Axis Bank Personal Loan Interest Rate v/s ICICI Bank Personal Loan Interest Rate
The most significant factor in determining the overall cost of your Personal Loan is the interest rate offered. A lower interest rate means lower EMIs and lowers interest payments throughout the loan. Let’s take a look at the most recent personal loan interest rates provided by banks and non-bank financial companies.
Personal Loan Interest Rates: What Influences Them
- Credit History and Ranking: When you apply for some type of loan, a lender may first look at your credit history, including your credit score and study. Your creditworthiness is affected by your past credit behaviour and credit score. Your credit score is likely to be high if you have used credit wisely in the past. The better your credit score is, the more likely you are to be eligible for a low-interest personal loan.
- Income and Employer: A higher income implies a greater ability to repay the loan, which reduces the lender’s risk. This usually results in a lower interest rate on your personal loan. Furthermore, if you work for a reputable large company, such as a multinational corporation (MNC) or a government agency, Banks and NBFCs can view your employment as stable and therefore give you a personal loan at a lower interest rate. Since it can be difficult for lenders to correctly measure the profits of the self-employed, salaried workers have a greater chance of getting a personal loan at a lower interest rate.

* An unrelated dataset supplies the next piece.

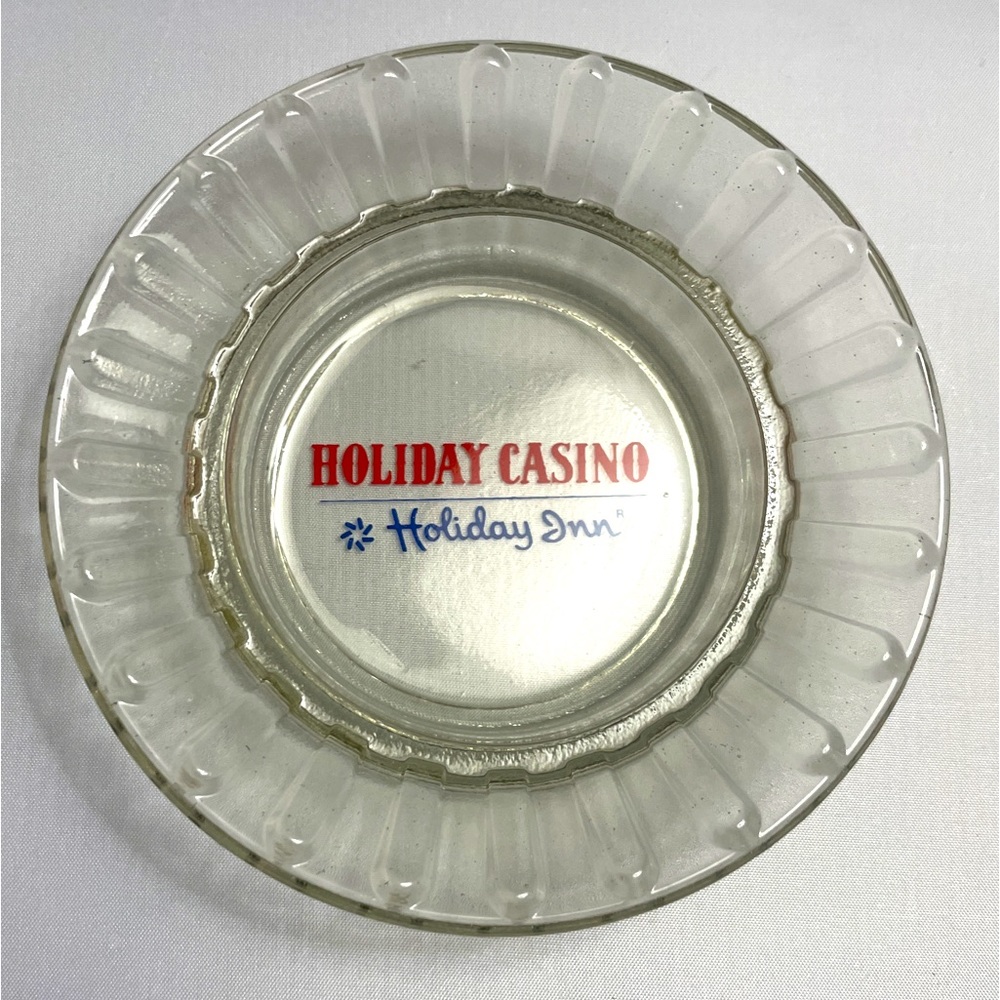 Vintage Holiday Casino Glass‎ Ashtray
Holiday Inn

- FOIR stands for Fixed Obligation to Income Ratio: The percentage of the monthly income that you use to pay off current loan EMIs and credit card bills is another important consideration that lenders consider when processing your application. This is measured using FOIR, which is the ratio of your monthly in-hand revenue to your pre-existing loan EMIs and credit card dues. If your FOIR is greater than 50%, lenders such as banks and NBFCs would consider it a negative factor that could affect your loan eligibility and interest rate.
- Credit Utilization Ratio: This is the percentage of credit that has been used compared to the total amount of credit available. Lenders interpret a higher Credit Utilization as a sign of over-reliance on credit, which can put one’s potential repayment ability at risk.
- Multiple loan applications in a short period: Applying for loans with multiple lenders in a short time is never a good idea. It’s important to understand that any time you apply for a credit product, it shows up on your credit report. If you have a lot of inquiries on your credit report in a short period, lenders can interpret this as a sign of ‘credit hungriness,’ which means you are desperate for credit. This will not only affect your ability to obtain a low-interest loan, but it will also undoubtedly lower your credit score.
- Relationship with the Lender (Pre-existing or Previous): Having a prior relationship with the lender may often affect the personal loan interest rate. If you already have a salary account or a credit card with a bank, it will calculate your risk based on your historical records. If the banks consider you to be a “safe and low-risk borrower,” there’s a good chance you’ll be offered a loan.
Conclusion:
We have provided the details of Axis Bank personal loan interest rate v/s ICICI Bank personal loan interest rate. To help you in getting the best suited and affordable Personal Loan for you to fulfill your all financial needs.